Thursday I'm getting up at 7 am to get to school at 9 so I can practice for an hour before my 8 hour shift at work and then come back to school from 7-10 pm for a training session. That's going to be the killer day.

On top of work, work at school, ensembles, class, and homework, I'm trying to be social too. I'm organizing a potluck at my house on the one day that I have off of everything. I'm also planning on going to church and out to brunch with another friend that day, so I'm loading up my calendar. What would a day be without a rigid plan for every hour??

7:36 AM

I had a dream last night that I was done with graduate school after this week. Surprisingly, I cried and cried because I didn't want to leave and didn't think that I was ready for the real world.

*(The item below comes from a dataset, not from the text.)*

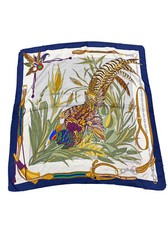 GUCCI FOULARD DONNA WOMAN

I guess I'm getting a little attached to this place.

9:36 PM

A new addition

I just bought the new iPod nano. It's silver and has room for 1,000 songs. I'm a very happy girl.

Apparently I have really good timing b/c they literally just came out with the new version today. It's more square and has a large color screen. It's a perfect size for what I need, which is just something to entertain me on the metro and to play orchestra pieces back when I'm learning the music.

It's so new the store doesn't have any accesories for it yet. That'll be my present to it next month I guess, maybe sooner. I don't want this one dying in 2 years. I would be very very sad.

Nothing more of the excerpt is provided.